## Activity:
Scan the records beneath this line for the line holding "Six Sigma: the" and the line holding "J. Edward Boyd", then transcribe exactly those two and all lines between.

## Data under study:
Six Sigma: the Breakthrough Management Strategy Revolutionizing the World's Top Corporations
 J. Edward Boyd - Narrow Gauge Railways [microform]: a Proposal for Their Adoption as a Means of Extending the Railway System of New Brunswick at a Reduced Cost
==
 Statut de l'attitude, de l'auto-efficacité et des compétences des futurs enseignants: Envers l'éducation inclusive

## Exercise answer:
Six Sigma: the Breakthrough Management Strategy Revolutionizing the World's Top Corporations
 J. Edward Boyd - Narrow Gauge Railways [microform]: a Proposal for Their Adoption as a Means of Extending the Railway System of New Brunswick at a Reduced Cost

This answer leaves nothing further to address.